Date of Award


Document Type


Degree Name

Doctor of Philosophy (PhD)


Cellular, Molecular and Biomedical Sciences

First Advisor

Christopher D. Huston


Cryptosporidium species are eukaryotic intracellular parasites belonging to the phylum Apicomplexa. C. hominis and C. parvum cause diarrhea in humans which is self-limiting in immunocompetent adults but can have severe consequences in immunocompromised individuals and malnourished children. In developing countries, Cryptosporidium is one of the leading causes of moderate to severe diarrhea in children under five years of age. There is an urgent need for novel therapeutics against this parasite as the current treatment option is inadequate to treat the most vulnerable population to Cryptosporidium infection. Better understandings of the biology of Cryptosporidium would greatly enhance our capability to design effective control measures.

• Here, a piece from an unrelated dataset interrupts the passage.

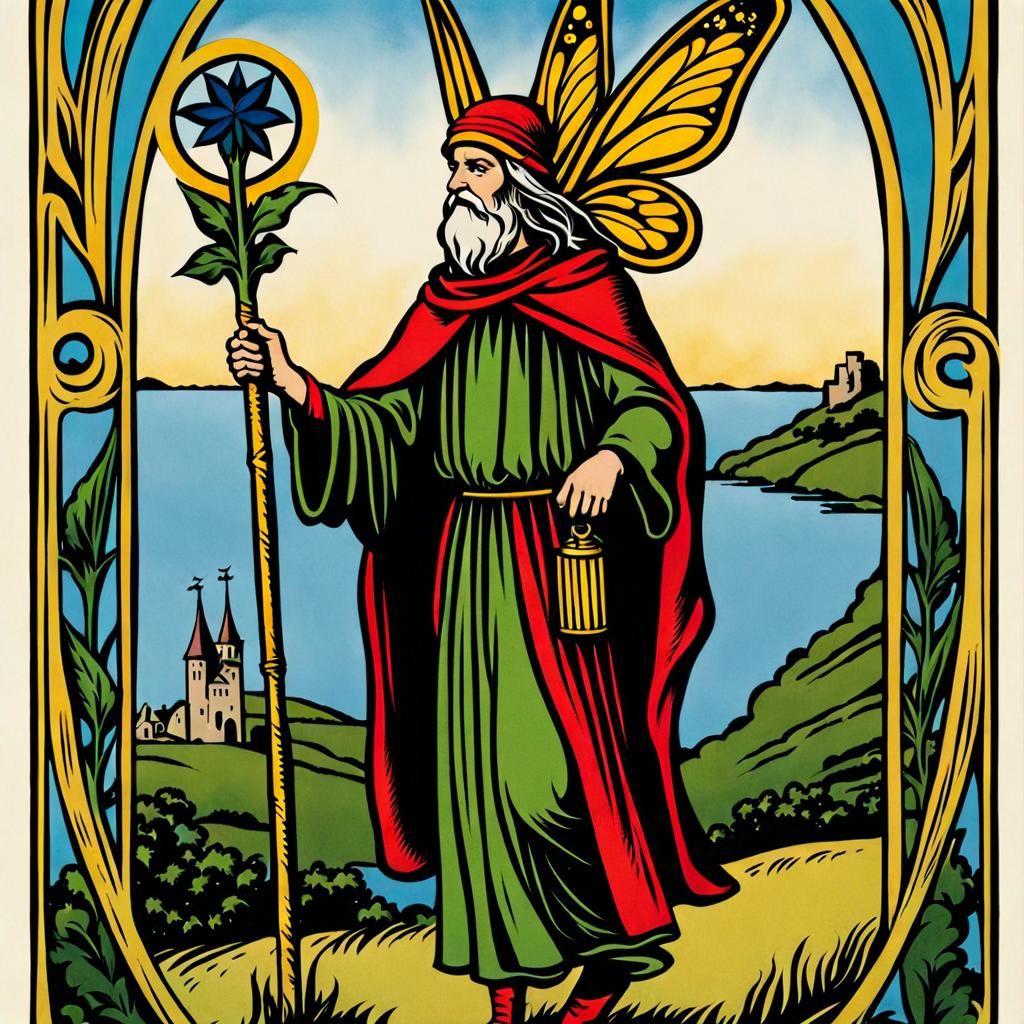 The Hermit Marseille tarot represented by a fairy. - AI Generated ...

The parasite initially multiplies through several rounds of asexual replication within the intestinal epithelial cells before differentiating into sexual forms. Here we have tested the ReFRAME library, a set of ~12,000 biologically active compounds, for activities against the asexual and sexual forms of C. parvum separately. We identified and validated compounds that inhibit and/or induce the growth of either or both life cycle stages. Compounds that inhibit both stages are potentially good drug candidates. Other compounds have promising tool-like properties that can be utilized to probe different aspects of C. parvum sexual differentiation. Several inhibitors of host cell oxidative phosphorylation and purine nucleotide biosynthesis disproportionately inhibited the sexual differentiation of C. parvum, highlighting the necessity of these processes in facilitating C. parvum sexual differentiation.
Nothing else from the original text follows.